_Exercise inputs_.
※ ※ ※
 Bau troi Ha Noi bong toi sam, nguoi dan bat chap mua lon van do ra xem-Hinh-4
※ ※ ※
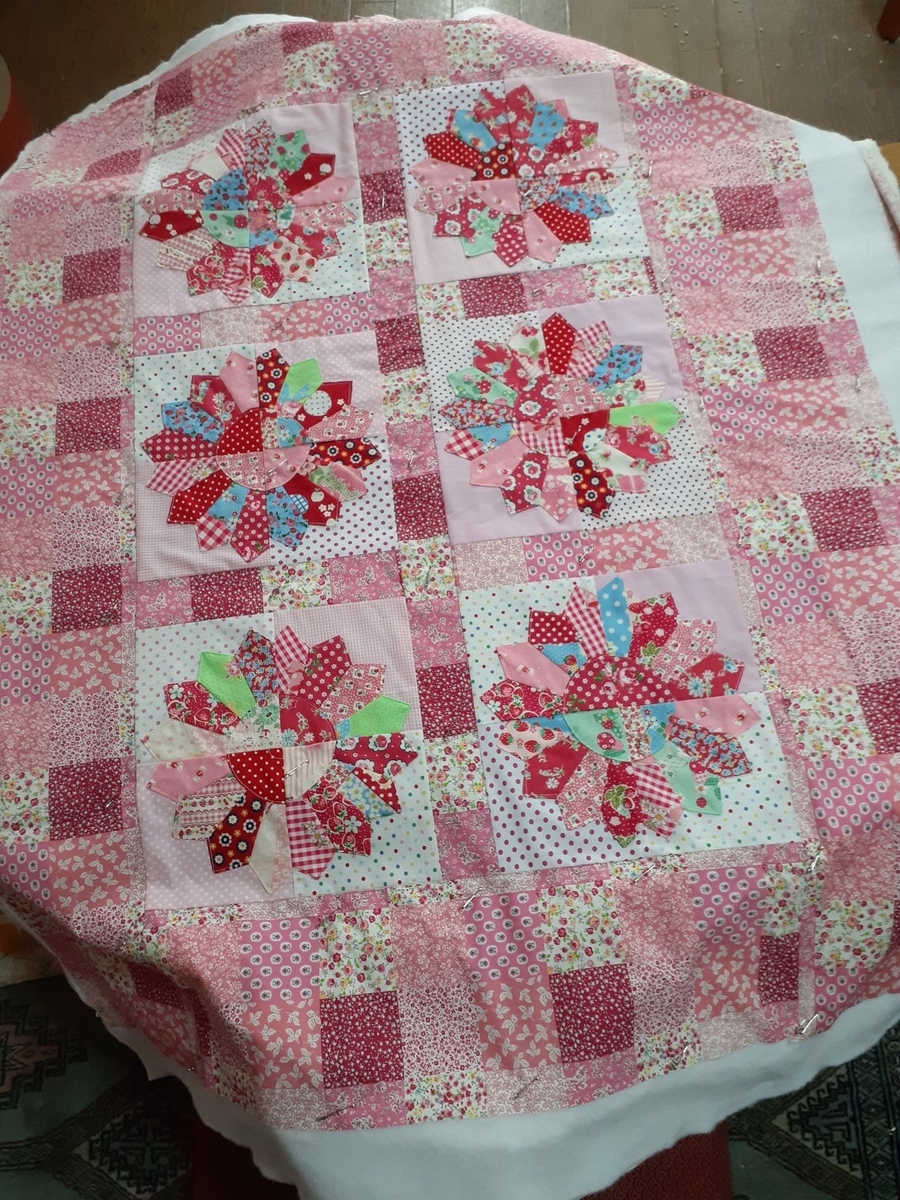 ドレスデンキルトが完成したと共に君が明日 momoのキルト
※ ※ ※
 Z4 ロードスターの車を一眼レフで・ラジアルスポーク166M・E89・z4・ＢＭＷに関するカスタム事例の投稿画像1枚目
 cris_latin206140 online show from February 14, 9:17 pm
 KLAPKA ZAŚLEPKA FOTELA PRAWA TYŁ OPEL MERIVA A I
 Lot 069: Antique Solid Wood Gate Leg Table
※ ※ ※
_Work task_. Which lines run from the one holding "cris_latin206140 online show" through the one holding "Lot 069: Antique Solid Wood Gate Leg Table" in the records above? Repeat them exactly, both included, and nothing more.

_Exercise solution_.
 cris_latin206140 online show from February 14, 9:17 pm
 KLAPKA ZAŚLEPKA FOTELA PRAWA TYŁ OPEL MERIVA A I
 Lot 069: Antique Solid Wood Gate Leg Table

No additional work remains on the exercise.